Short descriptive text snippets
-*-
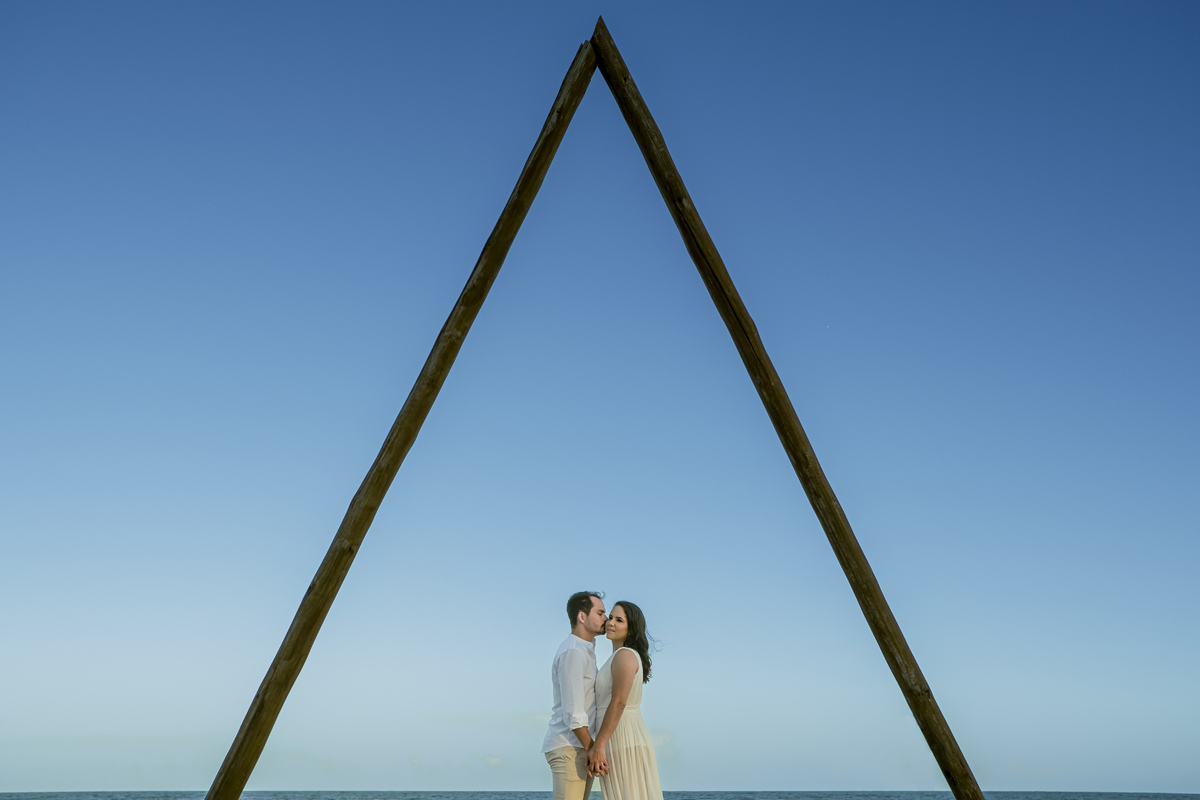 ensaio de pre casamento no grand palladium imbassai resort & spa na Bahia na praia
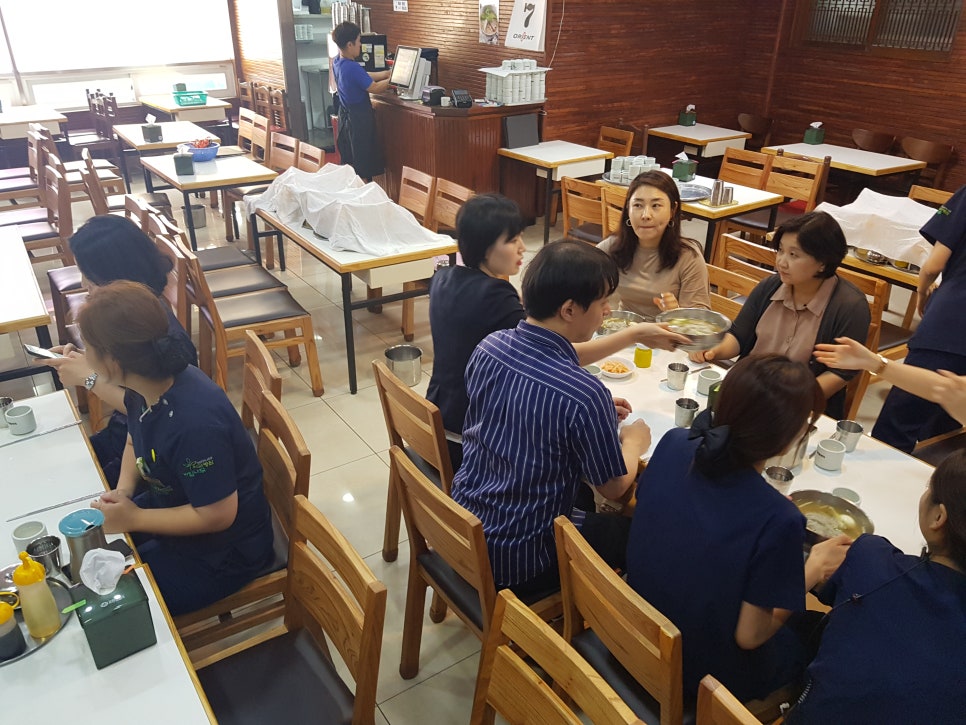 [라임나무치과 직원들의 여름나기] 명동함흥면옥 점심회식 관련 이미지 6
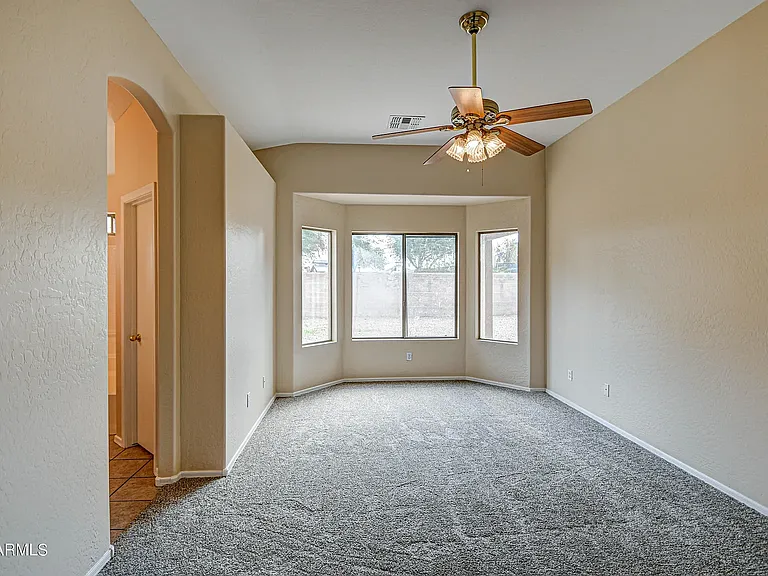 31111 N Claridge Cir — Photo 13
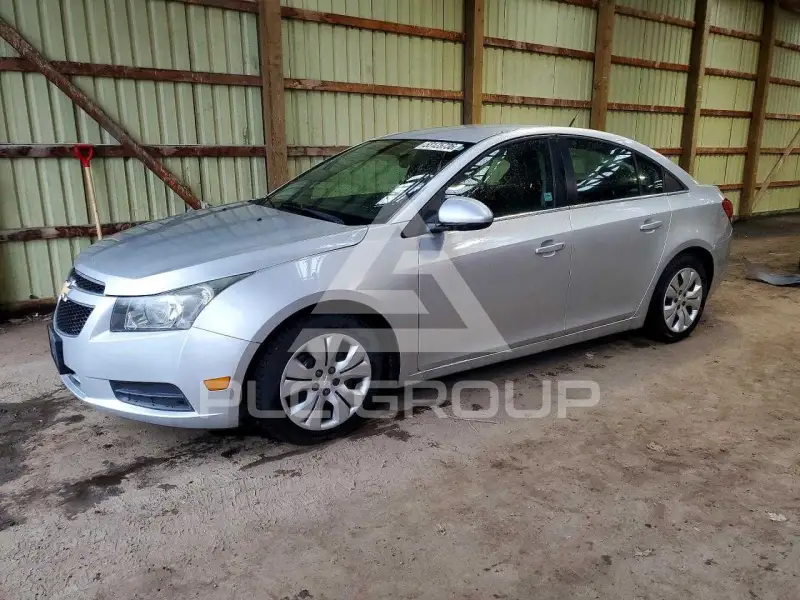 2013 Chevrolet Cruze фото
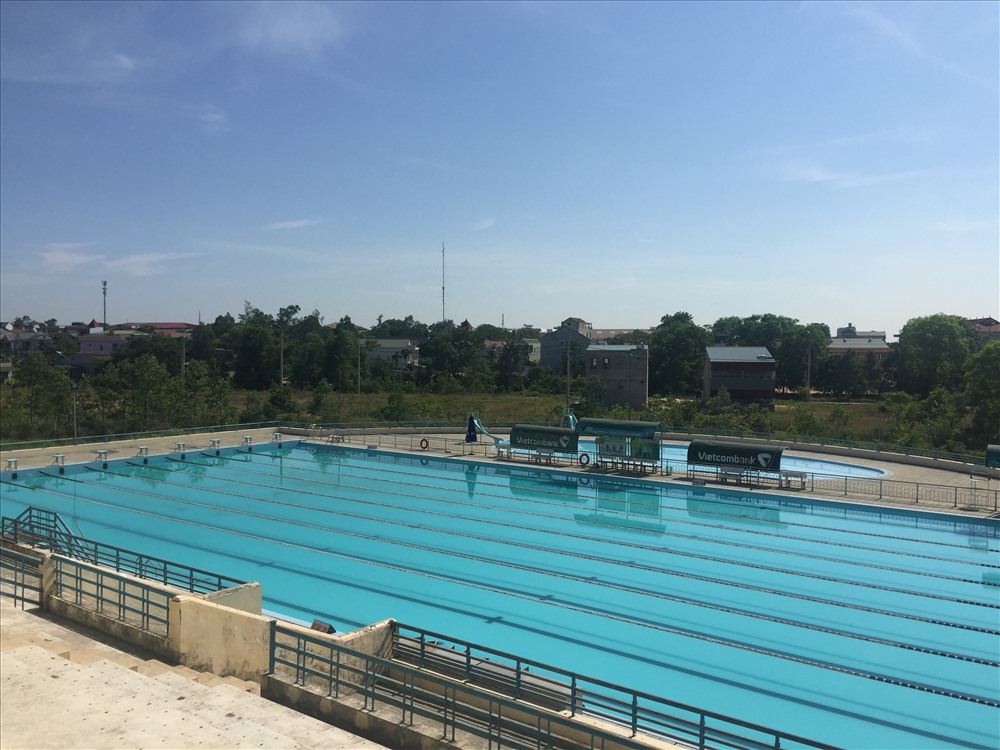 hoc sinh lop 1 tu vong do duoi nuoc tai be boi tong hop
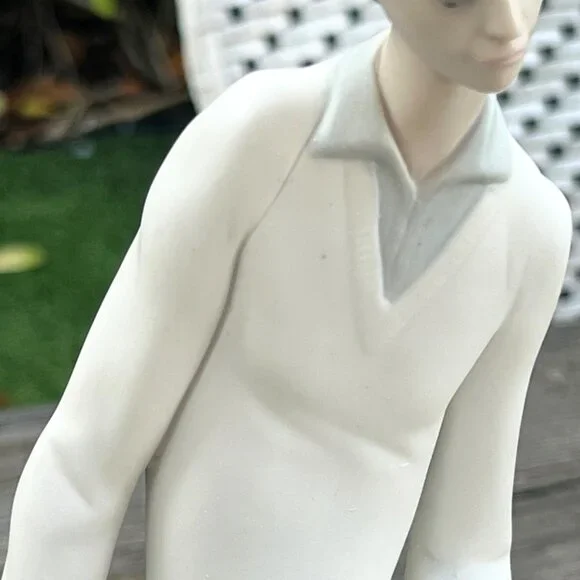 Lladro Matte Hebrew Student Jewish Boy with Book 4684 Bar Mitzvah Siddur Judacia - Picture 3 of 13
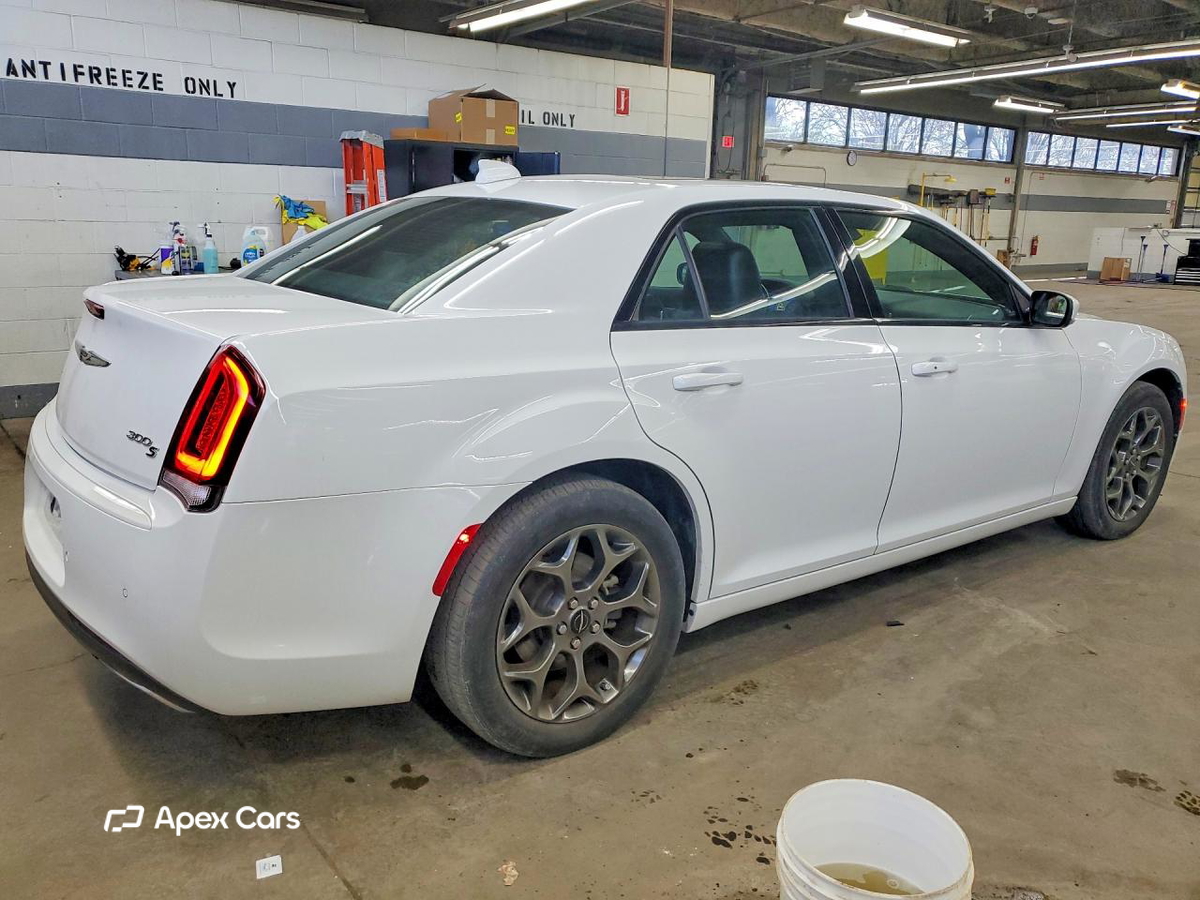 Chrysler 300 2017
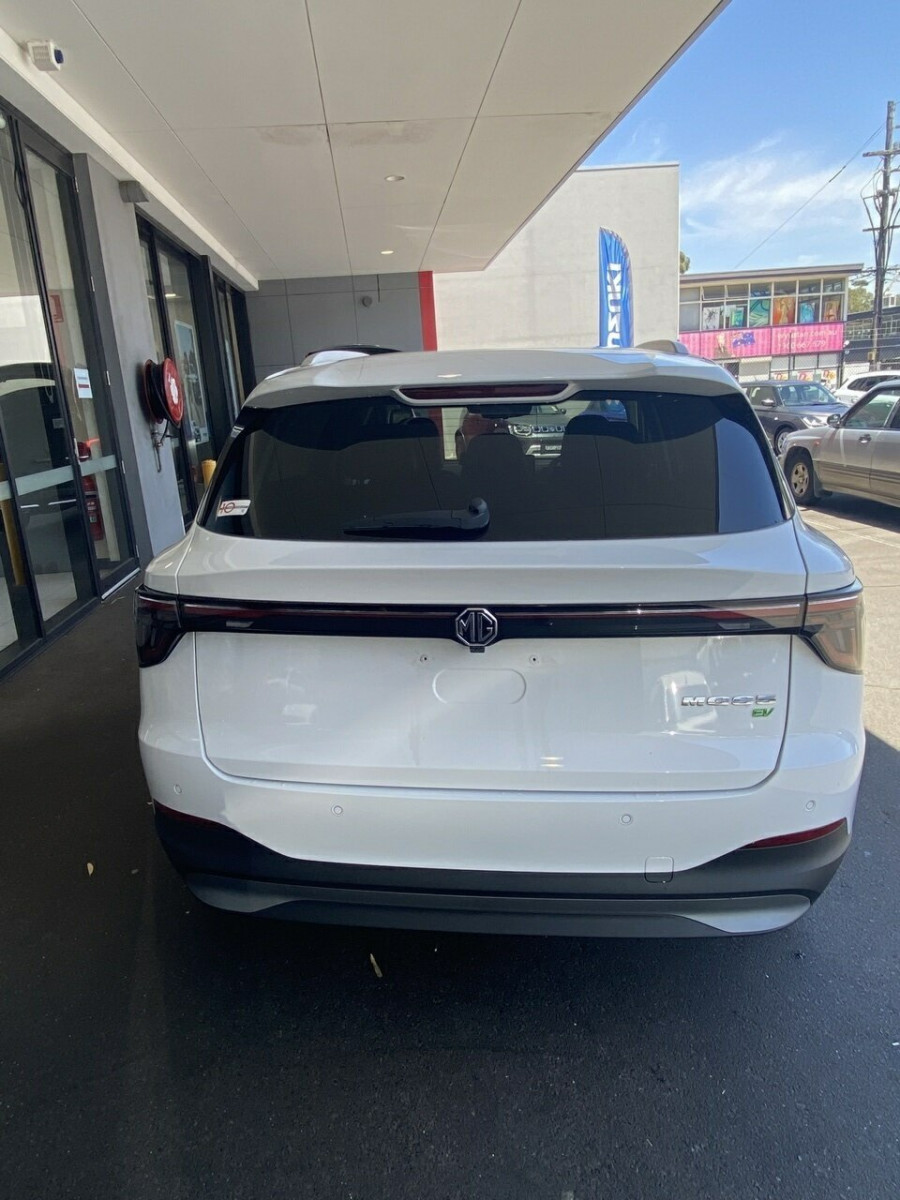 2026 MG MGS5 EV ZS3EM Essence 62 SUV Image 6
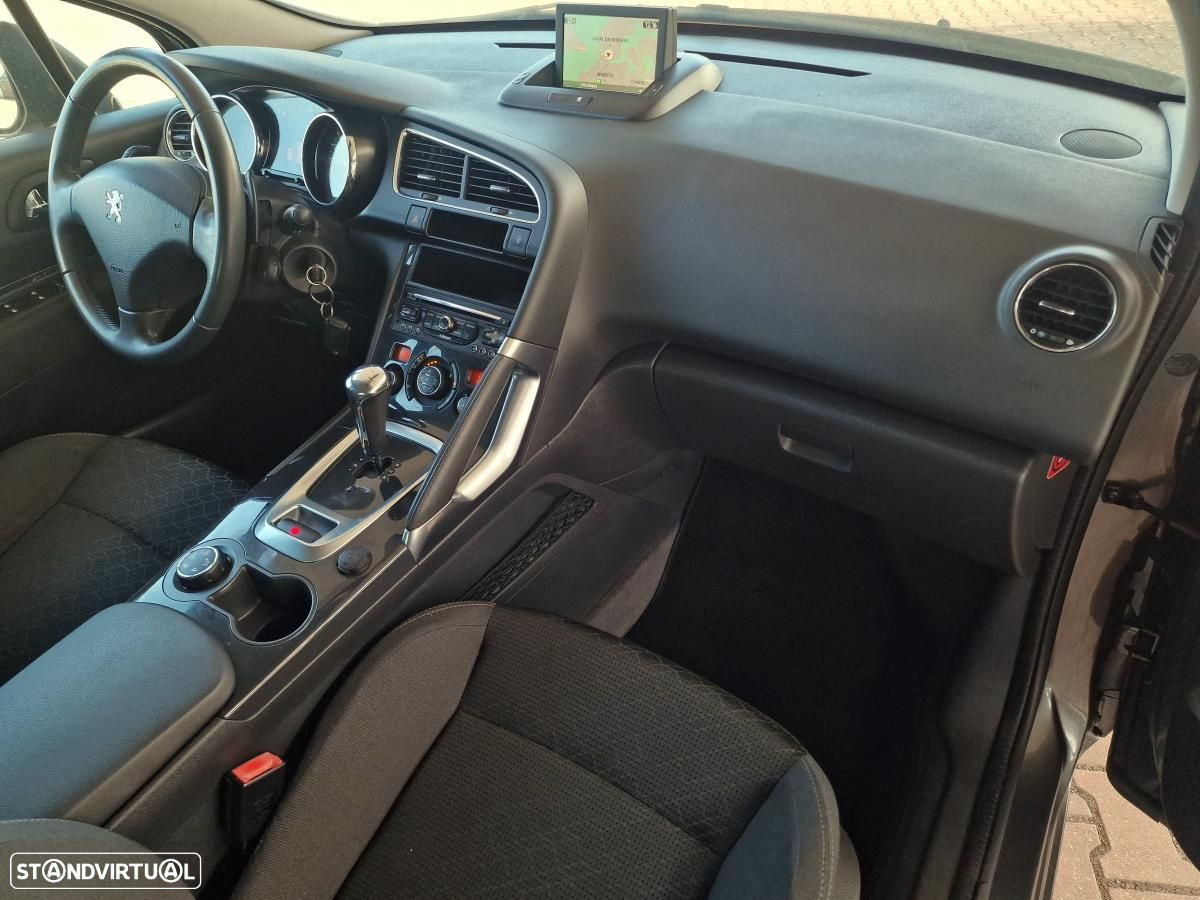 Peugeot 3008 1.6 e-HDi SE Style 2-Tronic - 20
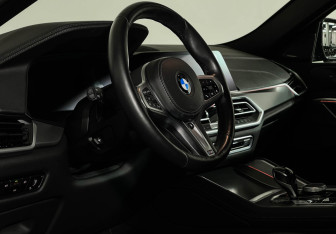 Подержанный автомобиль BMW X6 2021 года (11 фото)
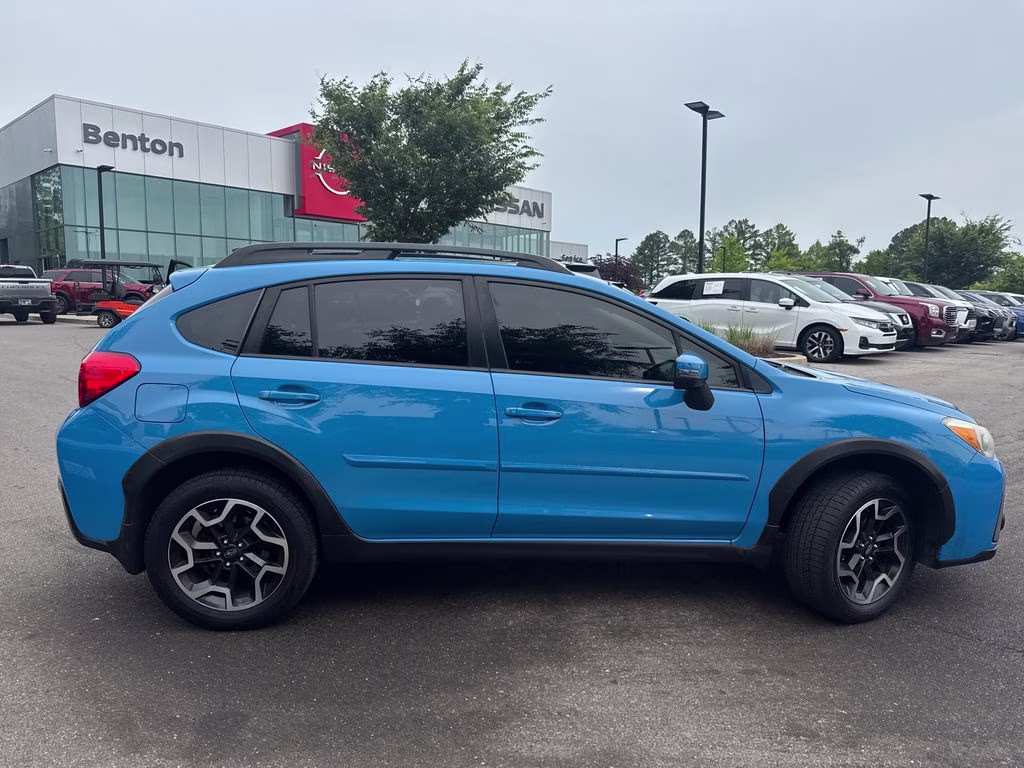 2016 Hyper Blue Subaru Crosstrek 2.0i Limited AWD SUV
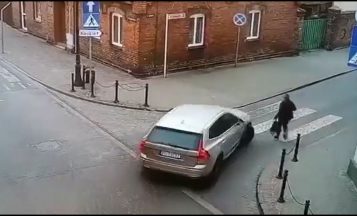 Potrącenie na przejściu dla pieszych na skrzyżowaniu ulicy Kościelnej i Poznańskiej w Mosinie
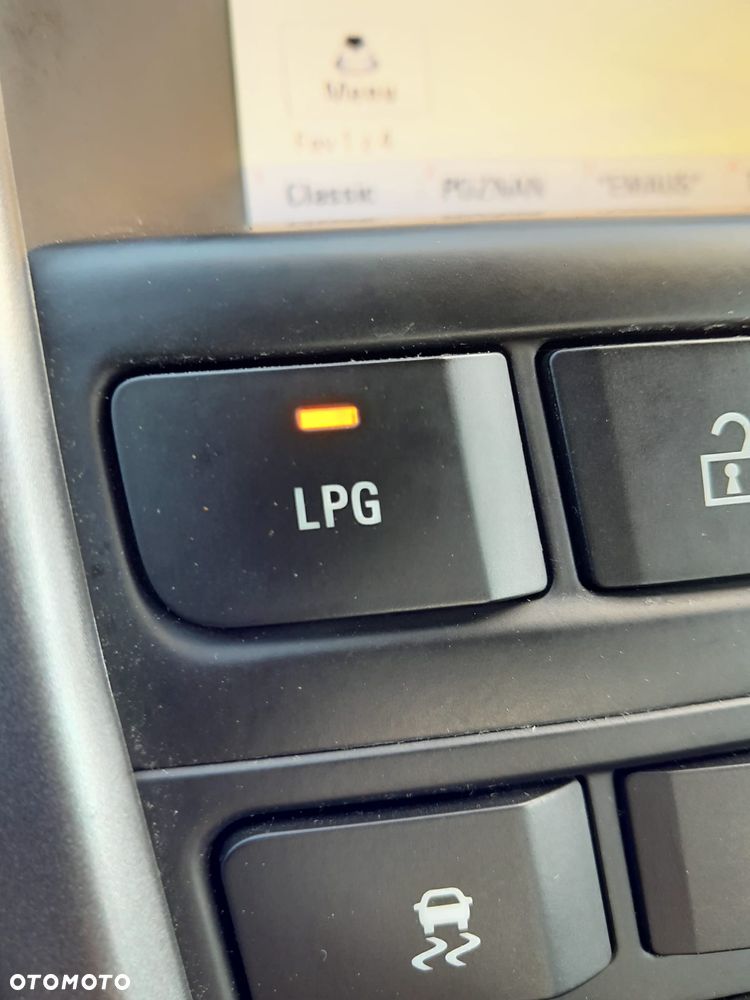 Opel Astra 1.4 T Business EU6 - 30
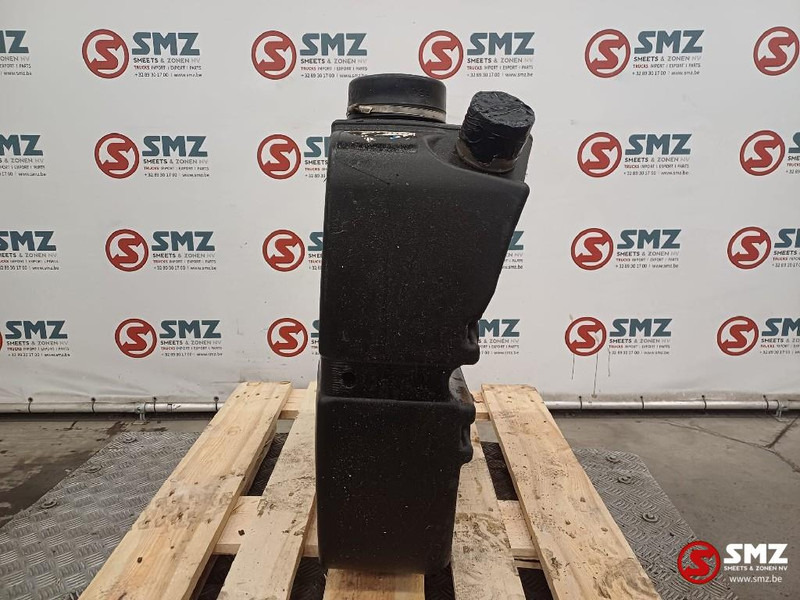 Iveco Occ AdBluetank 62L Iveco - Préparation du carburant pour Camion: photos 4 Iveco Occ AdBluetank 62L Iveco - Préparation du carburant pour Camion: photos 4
-*-
- [WHAT IS EXPECTED] Print the data again, word for word, without any pictures.

- [ANSWER TO THE EXERCISE]
 ensaio de pre casamento no grand palladium imbassai resort & spa na Bahia na praia
 [라임나무치과 직원들의 여름나기] 명동함흥면옥 점심회식 관련 이미지 6
 31111 N Claridge Cir — Photo 13
 2013 Chevrolet Cruze фото
 hoc sinh lop 1 tu vong do duoi nuoc tai be boi tong hop
 Lladro Matte Hebrew Student Jewish Boy with Book 4684 Bar Mitzvah Siddur Judacia - Picture 3 of 13
 Chrysler 300 2017
 2026 MG MGS5 EV ZS3EM Essence 62 SUV Image 6
 Peugeot 3008 1.6 e-HDi SE Style 2-Tronic - 20
 Подержанный автомобиль BMW X6 2021 года (11 фото)
 2016 Hyper Blue Subaru Crosstrek 2.0i Limited AWD SUV
 Potrącenie na przejściu dla pieszych na skrzyżowaniu ulicy Kościelnej i Poznańskiej w Mosinie
 Opel Astra 1.4 T Business EU6 - 30
 Iveco Occ AdBluetank 62L Iveco - Préparation du carburant pour Camion: photos 4 Iveco Occ AdBluetank 62L Iveco - Préparation du carburant pour Camion: photos 4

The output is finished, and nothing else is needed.